Samir Arabi. (Foto: imago images/Hufnagel)

Wird Samir Arabi der Nachfolger von Horst Heldt beim FC?

Der 1. FC Köln will sich bei der Suche eines neuen Sport-Geschäftsführers Zeit lassen. Dass die aktuell auf ein Jahr ausgelegte Lösung mit Interims-Kaderplanung Jörg Jakobs aber nicht ideal ist, weiß man auch am Geißbockheim. Mit Samir Arabi von Arminia Bielefeld ist nun der erste Name im Zusammenhang mit dem FC aufgetaucht. 

Köln – Dass Samir Arabi seit Kindertagen eine Vorliebe für den 1. FC Köln hat, ist bekannt. Als der 42-jährige aber im Herbst 2019 die Möglichkeit hatte, als Nachfolger von Armin Veh zu den Geißböcken zu wechseln, entschied sich der gebürtige Aachener dagegen. Sein Projekt bei Arminia Bielefeld sei noch nicht abgeschlossen, sagte er damals und ließ einen intensiveren Austausch gar nicht erst zu. Nun, zwei Jahre später, bringt der Kicker Arabi erneut als möglichen Kandidaten für die Position des Geschäftsführers Sport beim 1. FC Köln ins Gespräch.

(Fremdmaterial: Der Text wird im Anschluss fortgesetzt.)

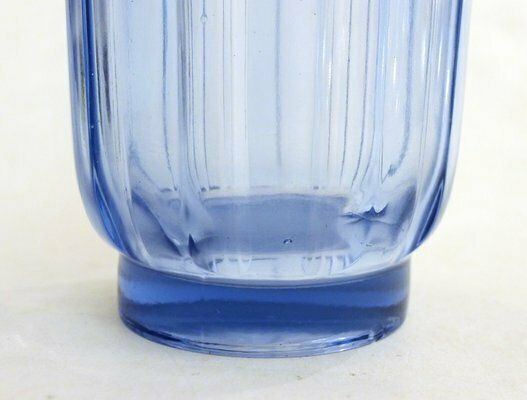 Art Deco Vase With Fluted Body In Blue Molded Pressed Glass, 1930s photo for sale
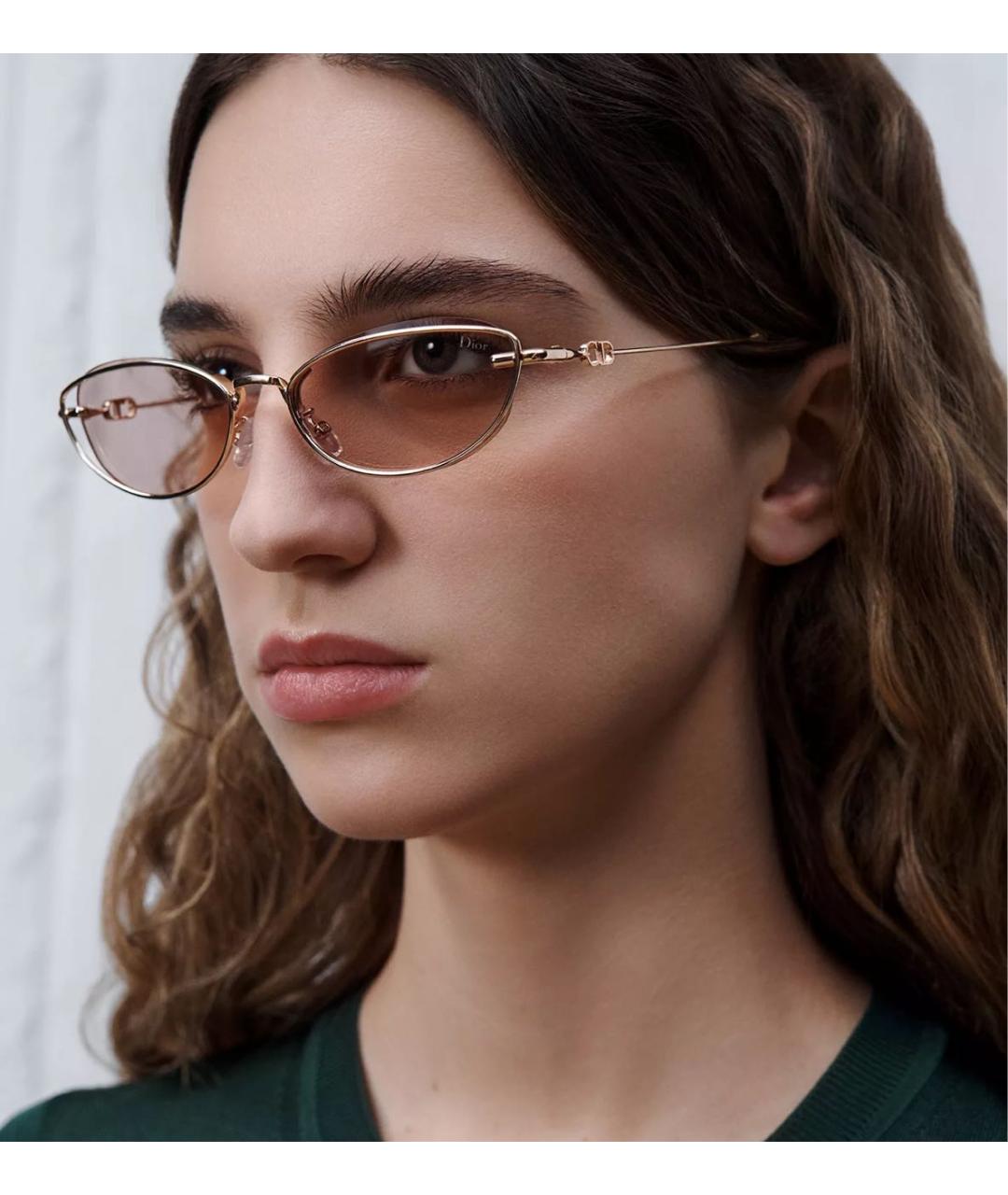 CHRISTIAN DIOR Золотые металлические солнцезащитные очки, фото 4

Jakobs und Arabi mit gemeinsamer Vergangenheit

Ob Arabi sein Projekt bei den Ostwestfalen inzwischen als abgeschlossen ansieht, ist nicht bekannt. Doch nach dem Aufstieg 2020 und dem ein Jahr später folgenden Klassenerhalt könnte der Sportchef inzwischen einiges von dem erreicht haben, was mit der Arminia möglich ist. Vor einigen Monaten schon wurde Arabi, dessen Vertrag in Bielefeld unbefristet ist, mit Eintracht Frankfurt in Verbindung gebracht. Damals erklärte der Geschäftsführer, sich vollständig auf den Klassenerhalt mit der Arminia konzentrieren zu wollen. Als Absage an die Eintracht wurde die Aussage damals nicht gewertet, doch in Frankfurt entschied man sich letztlich für Markus Krösche als Nachfolger von Fredi Bobic.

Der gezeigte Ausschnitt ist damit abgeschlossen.